Pytany w piątek w RMF FM czy pielęgniarki były zagłuszane, Wassermann odpowiedział: "Przyznaję, że dowiedziałem się o tym, że zagłuszanie było".
"Dowiaduję się, że tak było. Skoro tak, trzeba powiedzieć, że to budynek szczególny (Kancelarii Premiera). Informacje, które tam się dotyka, i którymi się posługuje, są ściśle chronione. Wejście pielęgniarek to forma naruszenia prawa" - powiedział.
Według RMF FM, Jarosław Kaczyński podpisał dokument dotyczący działań BOR wobec pielęgniarek okupujących siedzibę szefa rządu. Według ustaleń dziennikarzy RMF FM, w dokumencie nie pada słowo "zagłuszanie" - jest to polecenie służbowe premiera dla szefa BOR- u o podjęcie "działań w celu zabezpieczenia budynku w trakcie okupacji pielęgniarek, w tym działań, które zapewnią bezpieczeństwo teleinformatyczne".
To stwierdzenie miało legalizować zagłuszające działania BOR-u, ale po fakcie - podaje RMF FM - bo dokument jest datowany na 26 czerwca, gdy pielęgniarki, po siedmiu dniach, opuszczały budynek Kancelarii Premiera.

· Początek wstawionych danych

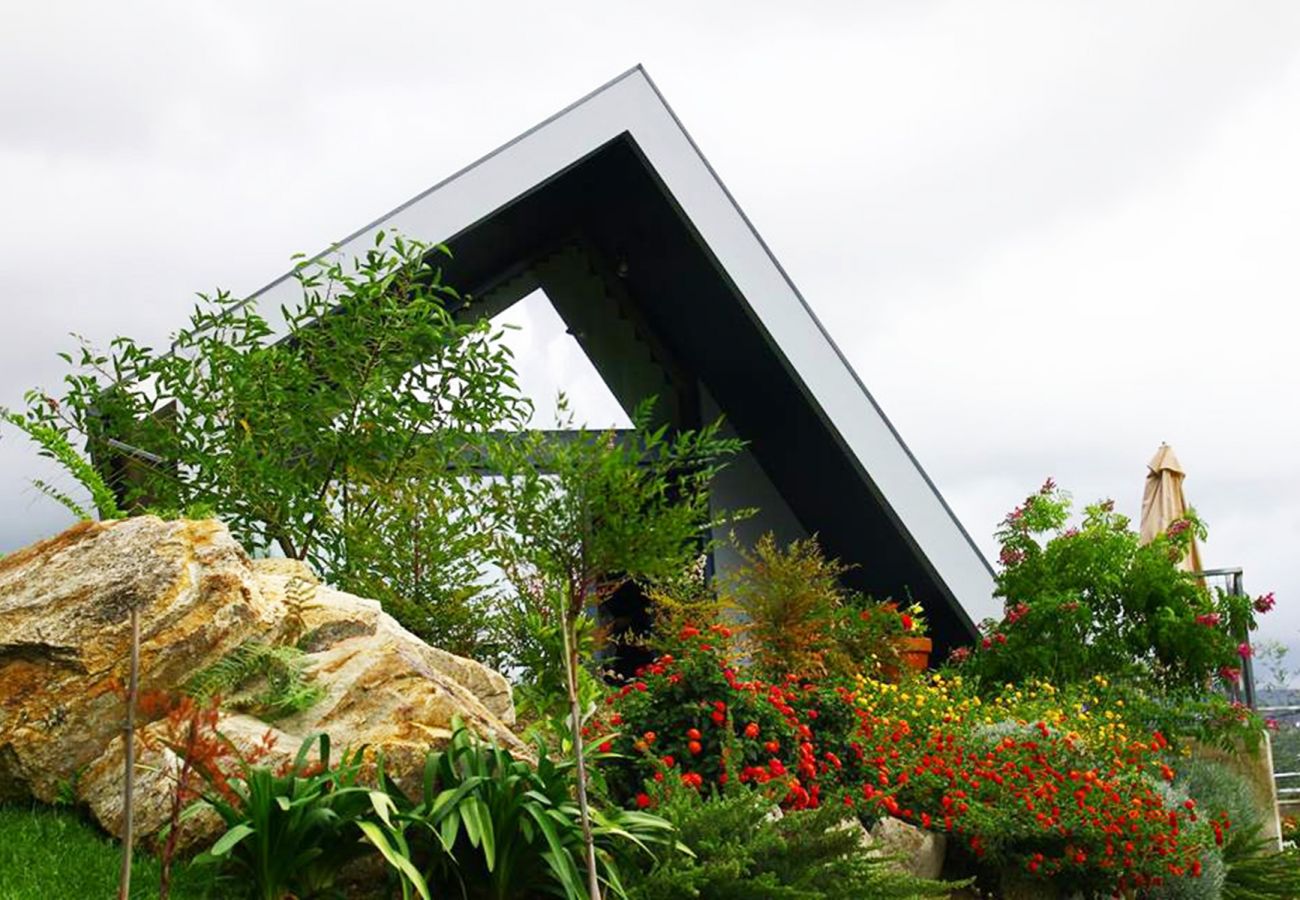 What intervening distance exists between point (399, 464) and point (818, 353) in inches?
144

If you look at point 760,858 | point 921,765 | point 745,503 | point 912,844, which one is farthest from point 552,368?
point 760,858

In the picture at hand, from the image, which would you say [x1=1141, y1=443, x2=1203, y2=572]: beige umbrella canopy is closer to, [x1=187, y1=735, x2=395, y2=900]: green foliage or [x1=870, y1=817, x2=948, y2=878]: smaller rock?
[x1=870, y1=817, x2=948, y2=878]: smaller rock

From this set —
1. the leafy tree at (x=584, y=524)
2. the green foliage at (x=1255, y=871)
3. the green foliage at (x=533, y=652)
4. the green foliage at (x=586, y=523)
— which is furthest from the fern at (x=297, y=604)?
the green foliage at (x=1255, y=871)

Pytany w RMF FM kto podjął decyzję o zagłuszaniu, Wassermann odparł: "Z tego oświadczenia wynika, że polecenie było podpisane przez premiera. Ale to jest odgrzewany kotlet. Trzeba by było ten tak niezwykle ważny w mediach fakt sprawdzić. Mówię niezwykle ważny, bo to co się dzieje w służbach i w sferze bezpieczeństwa, woła o pomstę do nieba".

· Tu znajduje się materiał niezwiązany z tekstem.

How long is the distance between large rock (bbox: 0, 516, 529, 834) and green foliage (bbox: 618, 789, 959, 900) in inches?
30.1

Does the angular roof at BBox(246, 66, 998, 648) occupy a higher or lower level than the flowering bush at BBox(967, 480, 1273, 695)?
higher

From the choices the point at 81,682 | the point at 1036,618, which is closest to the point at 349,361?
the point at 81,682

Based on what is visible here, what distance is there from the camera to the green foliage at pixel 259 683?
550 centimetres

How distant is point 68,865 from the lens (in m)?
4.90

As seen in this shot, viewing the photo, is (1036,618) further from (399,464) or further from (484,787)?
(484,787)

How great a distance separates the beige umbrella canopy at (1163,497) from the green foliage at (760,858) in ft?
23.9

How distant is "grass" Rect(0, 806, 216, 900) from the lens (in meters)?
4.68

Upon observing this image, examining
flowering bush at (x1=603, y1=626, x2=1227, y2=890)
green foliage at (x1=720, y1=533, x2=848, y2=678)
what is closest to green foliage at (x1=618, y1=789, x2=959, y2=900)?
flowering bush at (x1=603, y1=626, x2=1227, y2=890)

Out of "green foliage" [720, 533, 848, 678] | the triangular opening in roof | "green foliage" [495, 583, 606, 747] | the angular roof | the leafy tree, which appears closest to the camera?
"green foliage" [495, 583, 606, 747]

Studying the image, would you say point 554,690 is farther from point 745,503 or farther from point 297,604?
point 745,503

Dopytywany, kiedy została podjęta decyzja, post factum, czy w momencie kiedy pielęgniarki zaczęły okupację, Wassermann oświadczył, że dowiedział się o sprawie z publikacji prasowych. "Dlatego kontynuowanie tego wątku jest stratą czasu, bo to jest problem BOR-u i MSWiA, a nie ministra-koordynatora" - zaznaczył.